Transcribe the listing word for word, beginning at its first line and ending at the line containing "Detailed view of"; omit the pictures.

-------------------------

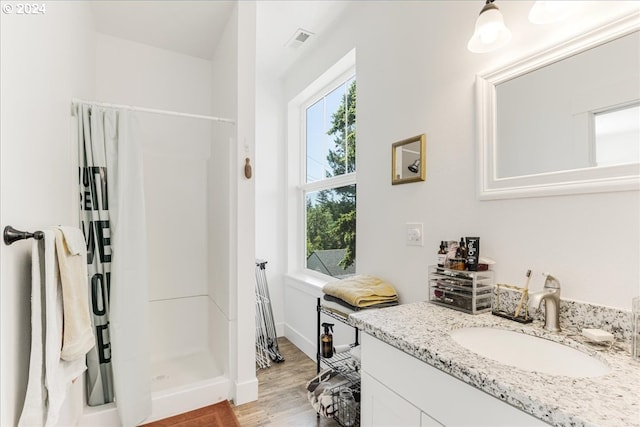 bathroom with vanity, a shower with shower curtain, and hardwood / wood-style floors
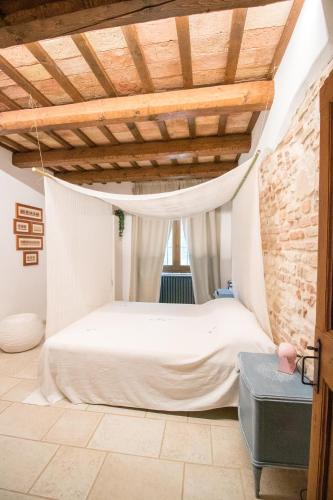 a bedroom with a bed and a wooden ceiling at Villa Altrove in Montemarciano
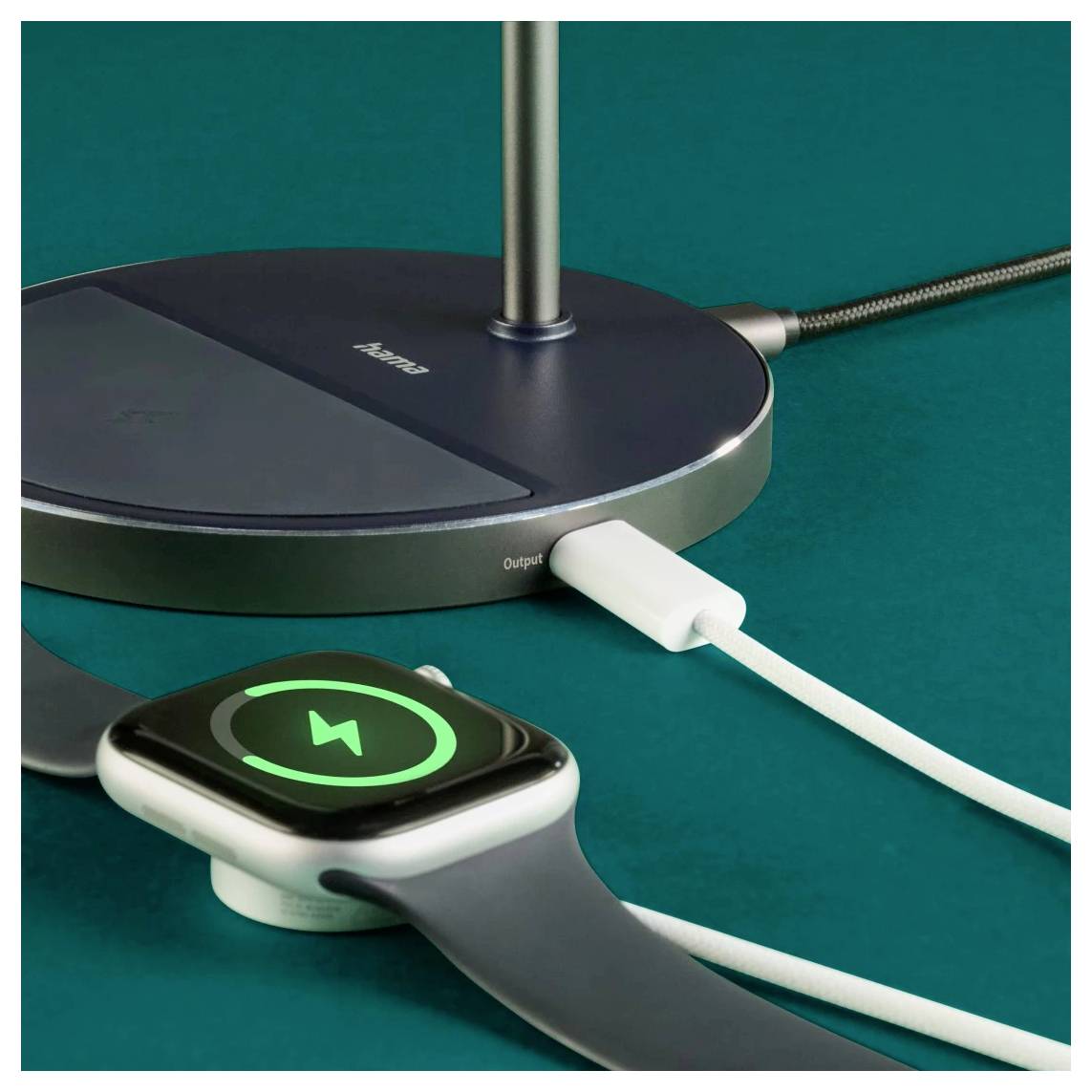 Eine Smartwatch auf einem Ladeständer zeigt ein Batteriesymbol mit einem Blitz, der einen laufenden Ladevorgang anzeigt, verbunden über ein USB-Kabel.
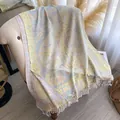 Detailed view of paisley jacquard pattern and soft white fringe tassels on pastel shawl - Off White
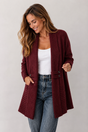 Women's long textured cardigan with open front, long sleeves and buttoned pocket tabs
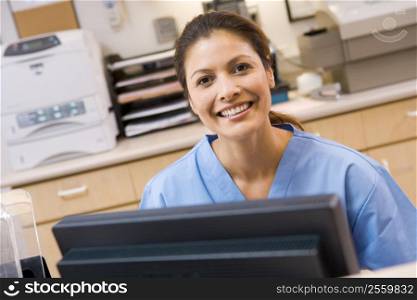 A Nurse Sitting At A Computer At The Reception Area Of A Hospital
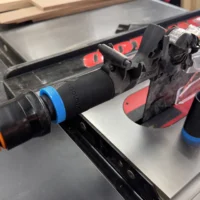 Cast iron Table Saw stop stop hose adapter to use your dust collection shop vac and 1-1/4" hose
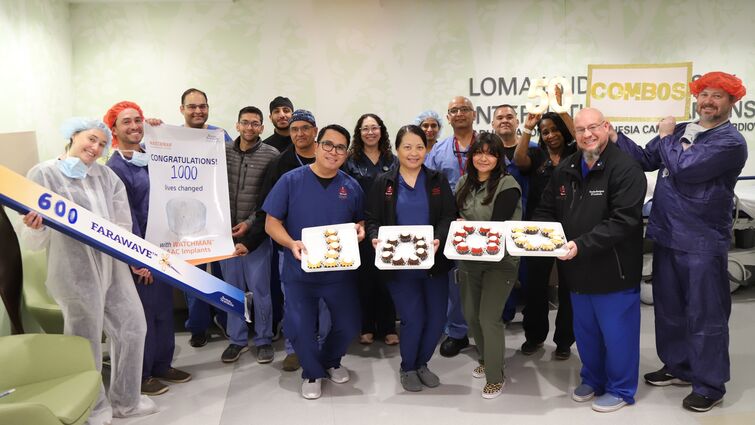 a group of medical employees pose for a photo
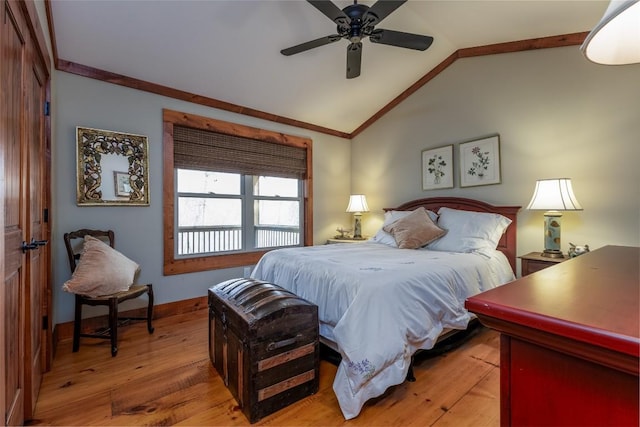 bedroom featuring lofted ceiling, ceiling fan, baseboards, light wood finished floors, and crown molding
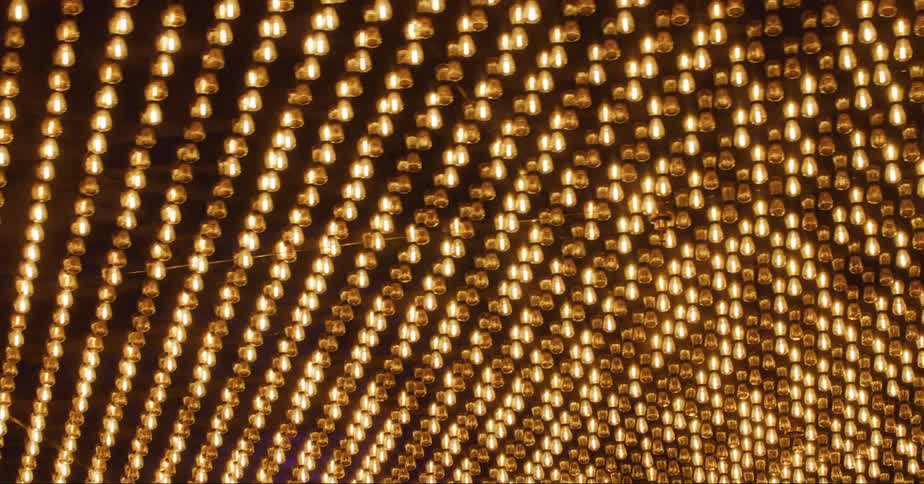 Rows of flashing yellow lights on a ceiling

-------------------------

▸ **WRITTEN ANSWER**
 bathroom with vanity, a shower with shower curtain, and hardwood / wood-style floors
 a bedroom with a bed and a wooden ceiling at Villa Altrove in Montemarciano
 Eine Smartwatch auf einem Ladeständer zeigt ein Batteriesymbol mit einem Blitz, der einen laufenden Ladevorgang anzeigt, verbunden über ein USB-Kabel.
 Detailed view of paisley jacquard pattern and soft white fringe tassels on pastel shawl - Off White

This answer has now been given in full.